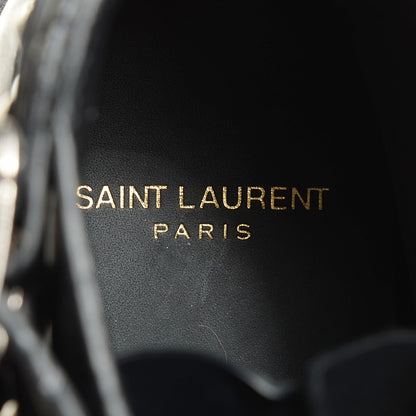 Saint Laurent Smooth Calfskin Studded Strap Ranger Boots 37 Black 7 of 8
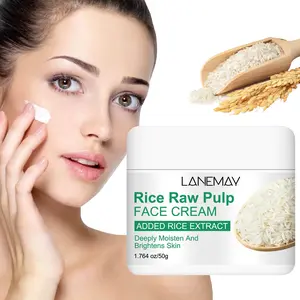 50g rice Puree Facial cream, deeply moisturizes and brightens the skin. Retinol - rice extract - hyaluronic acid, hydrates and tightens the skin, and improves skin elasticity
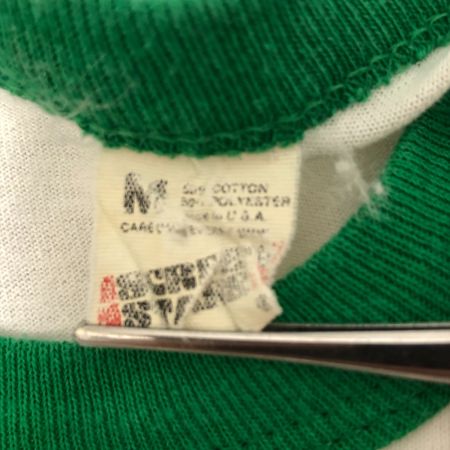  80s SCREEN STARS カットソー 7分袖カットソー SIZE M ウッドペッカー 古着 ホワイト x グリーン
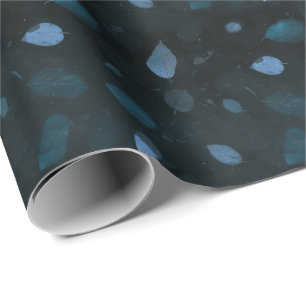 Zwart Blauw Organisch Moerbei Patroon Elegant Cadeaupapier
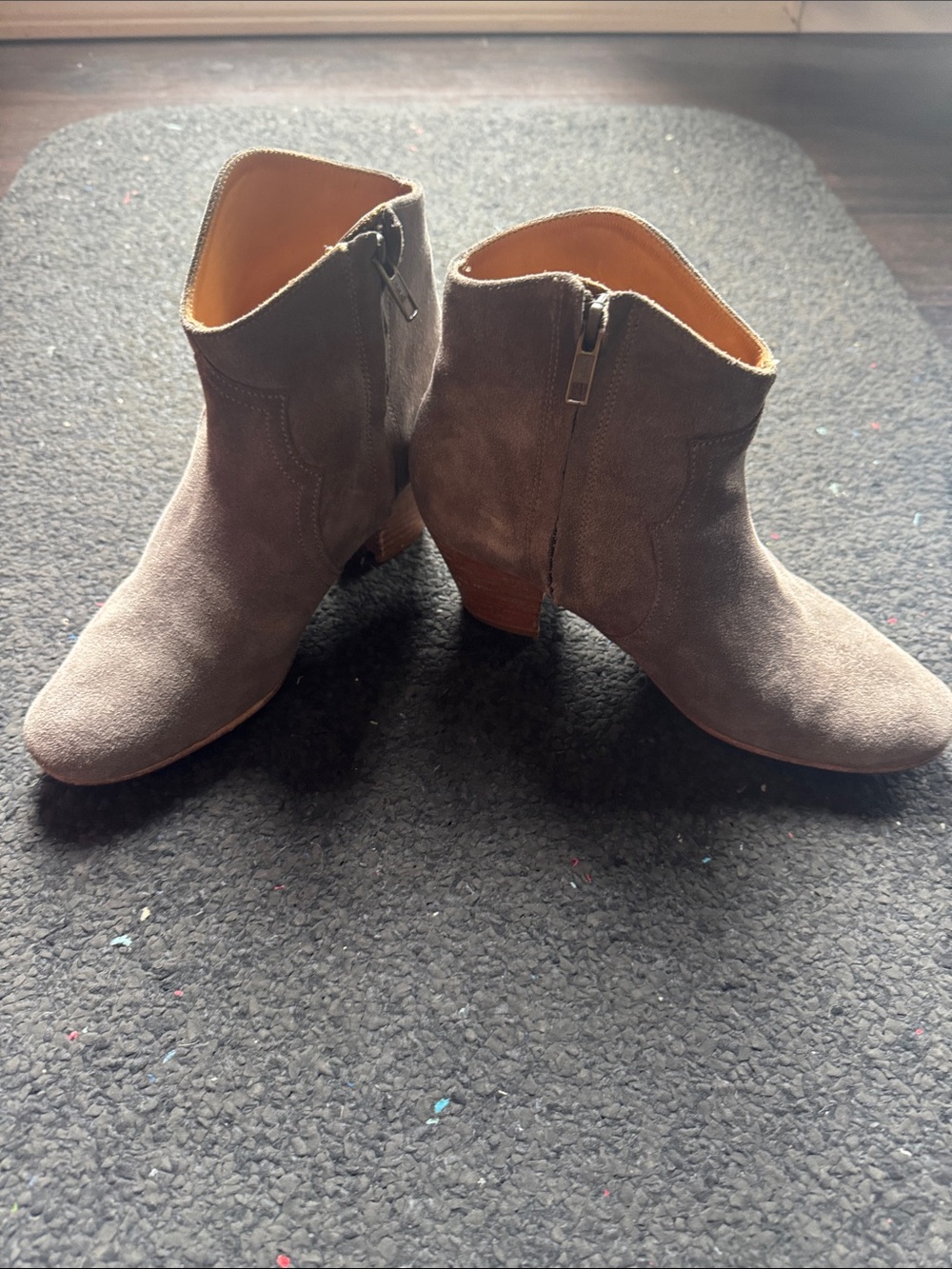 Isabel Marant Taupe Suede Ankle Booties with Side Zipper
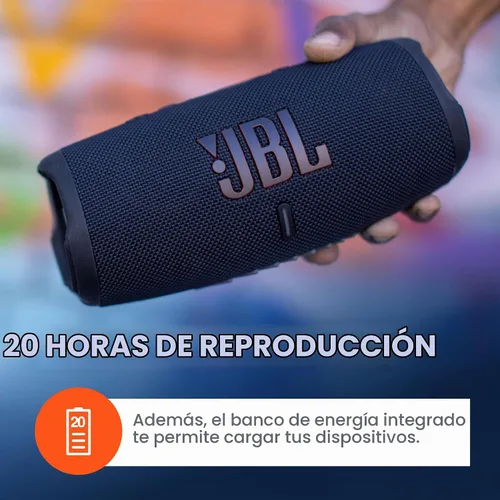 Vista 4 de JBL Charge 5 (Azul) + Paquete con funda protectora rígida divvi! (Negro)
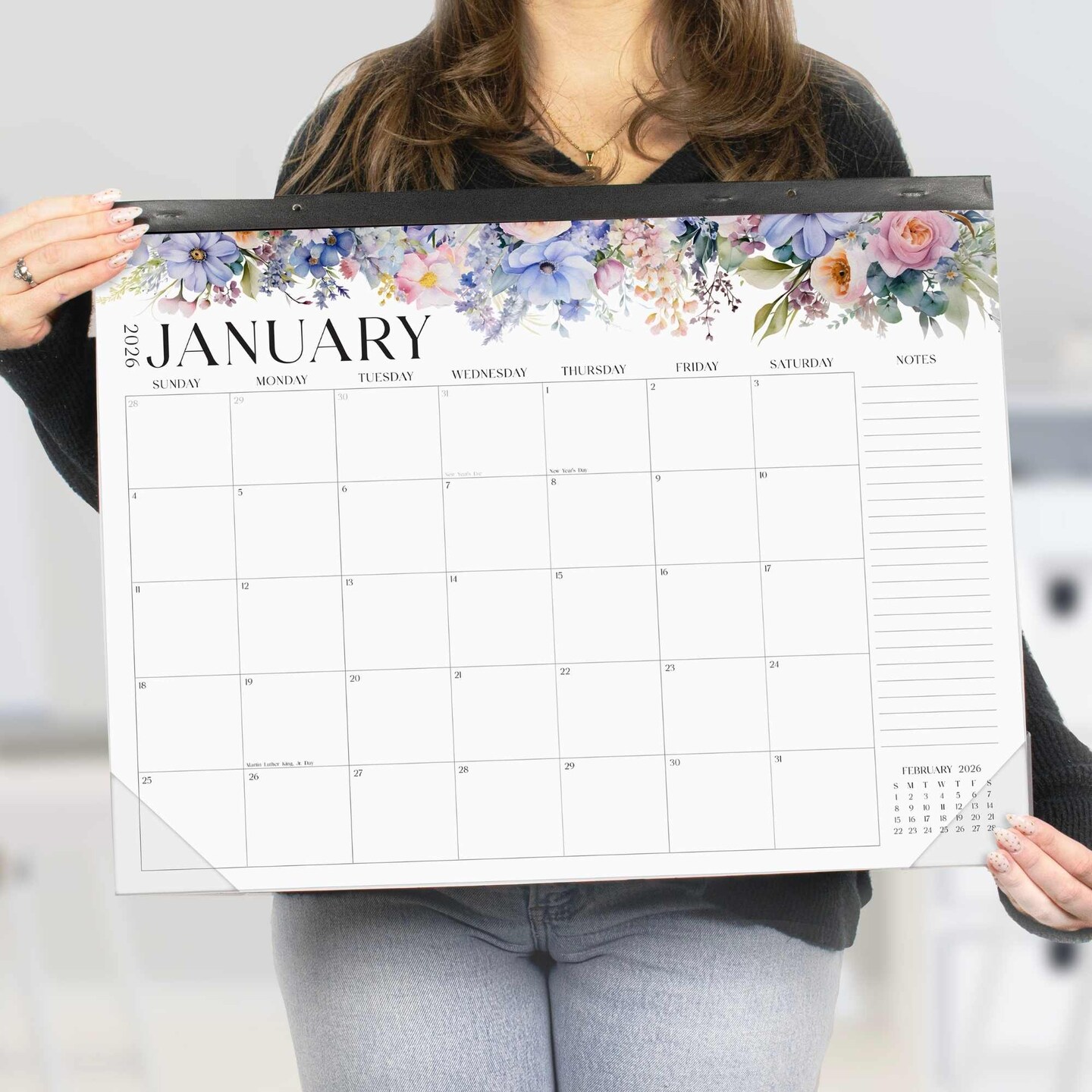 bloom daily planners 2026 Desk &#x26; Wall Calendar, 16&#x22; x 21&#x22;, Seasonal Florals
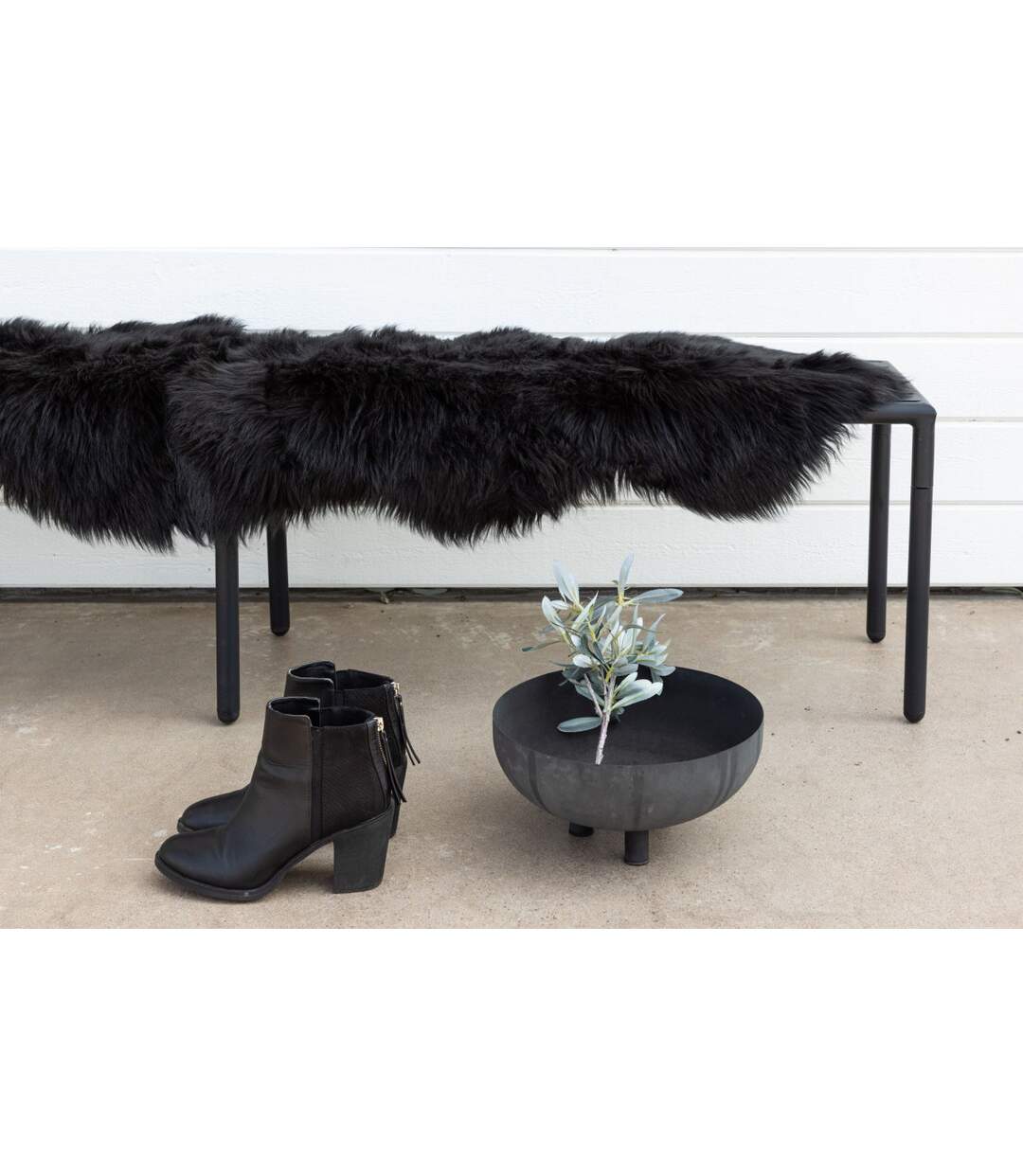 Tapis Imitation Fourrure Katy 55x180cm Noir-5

=======

### Aim of the task
Write out each line of the data exactly; the images should be left out.

### Task answer
 Saint Laurent Smooth Calfskin Studded Strap Ranger Boots 37 Black 7 of 8
 50g rice Puree Facial cream, deeply moisturizes and brightens the skin. Retinol - rice extract - hyaluronic acid, hydrates and tightens the skin, and improves skin elasticity
  80s SCREEN STARS カットソー 7分袖カットソー SIZE M ウッドペッカー 古着 ホワイト x グリーン
 Zwart Blauw Organisch Moerbei Patroon Elegant Cadeaupapier
 Isabel Marant Taupe Suede Ankle Booties with Side Zipper
 Vista 4 de JBL Charge 5 (Azul) + Paquete con funda protectora rígida divvi! (Negro)
 bloom daily planners 2026 Desk &#x26; Wall Calendar, 16&#x22; x 21&#x22;, Seasonal Florals
 Tapis Imitation Fourrure Katy 55x180cm Noir-5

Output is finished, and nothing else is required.